**Data excerpt**
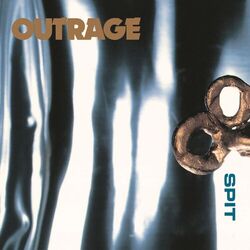 Cover of Spit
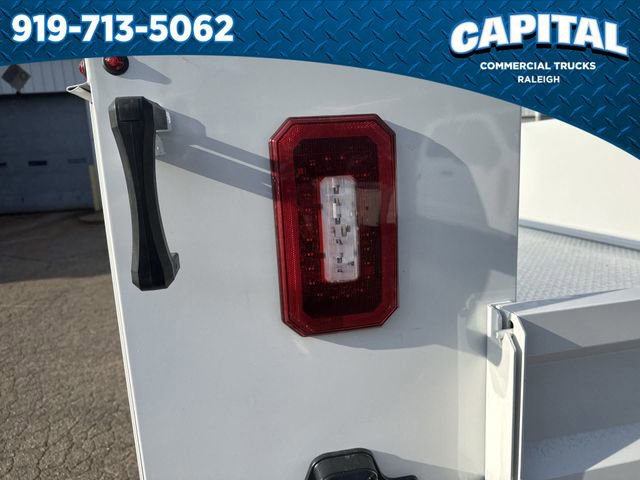 New 2025 Ford F350 XL w/ XL Chrome Package AWD/4WD image 15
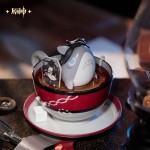 miHoYo Genshin Impact Teyvat Amusement Park Series Sound Decorative Figures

**Your instructions**
Reproduce, word for word, every line from the one that contains "New 2025 Ford" to the end of the data, including both ends; omit all pictures.

**Answer box**
 New 2025 Ford F350 XL w/ XL Chrome Package AWD/4WD image 15
 miHoYo Genshin Impact Teyvat Amusement Park Series Sound Decorative Figures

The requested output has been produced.